Gembloux : un immense laboratoire à ciel ouvert pour inventer l’agriculture du futur

Aujourd’hui, une impasse écologique nous oblige à trouver de nouveaux modèles d’agriculture. À Gembloux, les chercheurs de la faculté Agro biotech se sont lancés, cette année, dans une gigantesque expérience qui va durer au moins 8 ans. Ce laboratoire agricole, situé sur le domaine universitaire, est grand comme 50 terrains de football (30 hectares).

Un défi : l’agriculture écologique

Les chercheurs testent des nouveaux modèles agricoles, plus écologiques et capables de nourrir de plus en plus d’êtres humains. Il faudrait se passer, idéalement, des produits chimiques. D’ailleurs sur ces cultures expérimentales de l’université de Liège-Gembloux ce qui frappe, au premier regard, c’est le rouge des coquelicots. On se croirait revenus 100 ans en arrière, durant la première guerre mondiale avant l’invention des herbicides et des pesticides.

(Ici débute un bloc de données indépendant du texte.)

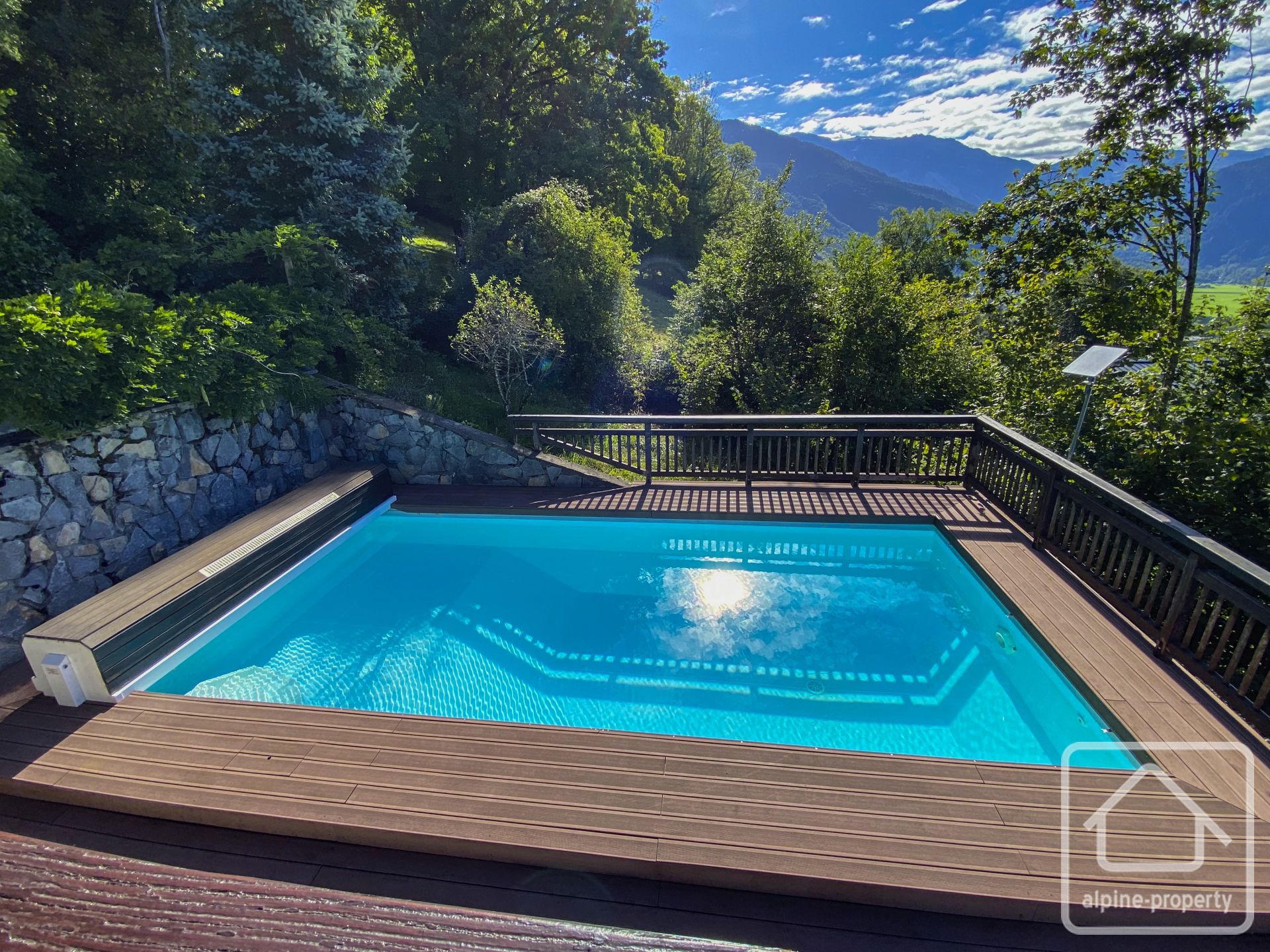 Exceptional 7 Bedroom 7 Bathroom Chalet On South Facing Hillside Of Samoens, Just 20 Minutes Walk To Samoens’ Historic Centre – COUDREY
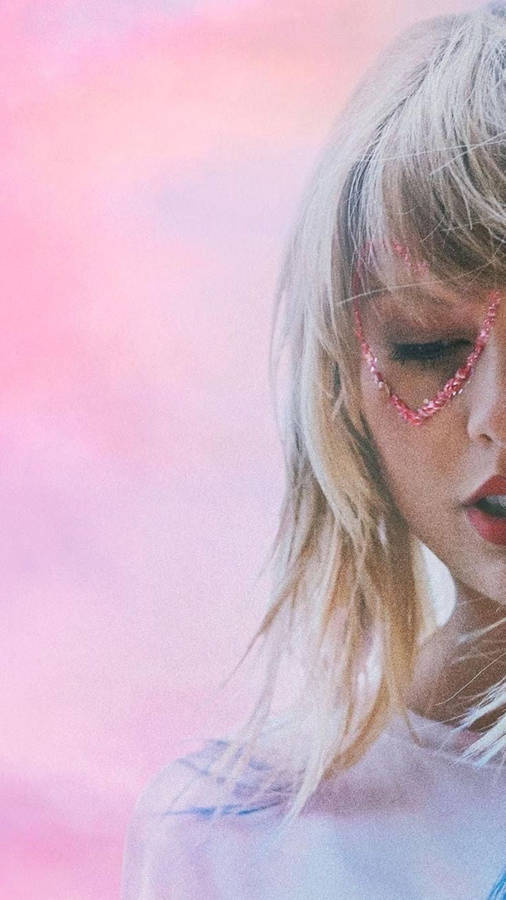 Taylor Swift Pink Heart Wallpaper
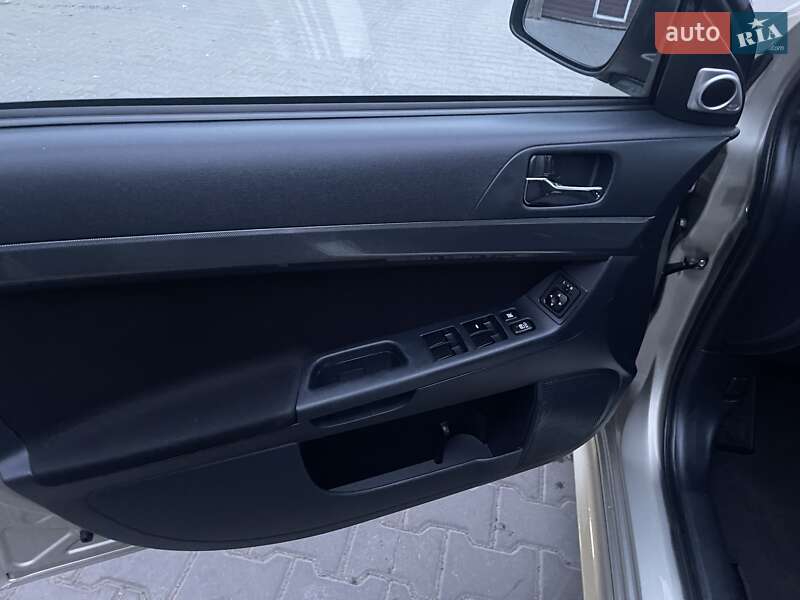 Седан Mitsubishi Lancer 2008 в Луцьку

Jérôme Bindelle (professeur à Gembloux agro bio tech) : "Nous avons, effectivement, beaucoup de coquelicots. C’est la première année d’expérience ce qui signifie que les coquelicots qui poussent cette année étaient déjà là. Si on ne les voyait pas autant, c’est sans doute que les pesticides et les herbicides qu’on utilisait mettaient une pression importante. L’agronome et le fermier qui sommeillent en nous se posent des questions sur la suite. Est-ce que les désherbages mécaniques, le pâturage des animaux sur certaines parcelles mettent une pression suffisante sur ce type de mauvaises herbes ? Est-ce que cela impacte le rendement et la facilité de le récolter ? Nous allons tirer un grand nombre d’enseignements".

Il faut rappeler que, même s’il est très joli, le coquelicot est une mauvaise herbe pour l’agriculteur. Les chercheurs réfléchissent aux moyens écologiques à mettre en œuvre pour contenir cette belle fleur rouge.

Nourrir la planète en 2050

La question centrale, à laquelle aimeraient répondre les chercheurs, est comment nourrir 9 milliards d’êtres humains en 2050, sans asphyxier la planète ?

Dans ce grand laboratoire à ciel ouvert, les chercheurs vont jusqu’à tester des hypothèses radicales, voire iconoclastes. Par exemple, celle d’une agriculture sans élevage, ralliée à la cause du véganisme donc. Dans ce modèle, il faut remplacer les protéines animales par des protéines végétales. Dans l’expérience, ce sont des champs de petits pois, notamment qui remplissent cette case alimentaire. Le champ voisin est tout jaune. C’est du colza, pour fournir une huile riche en bonnes graisses, les oméga 3.

Le défi est, certes de développer une agriculture plus écologique mais surtout de nourrir, correctement, une population de plus en plus nombreuse, 9 milliards de personnes à l’horizon 2050. Et tout cela, en relocalisant un maximum de ressources chez nous.

Dans cette agriculture du futur, les scientifiques s’attendent à des pertes de rendement par rapport au modèle intensif actuel. Dans quelles proportions ? Les premières récoltes de cet été apporteront déjà une partie de la réponse.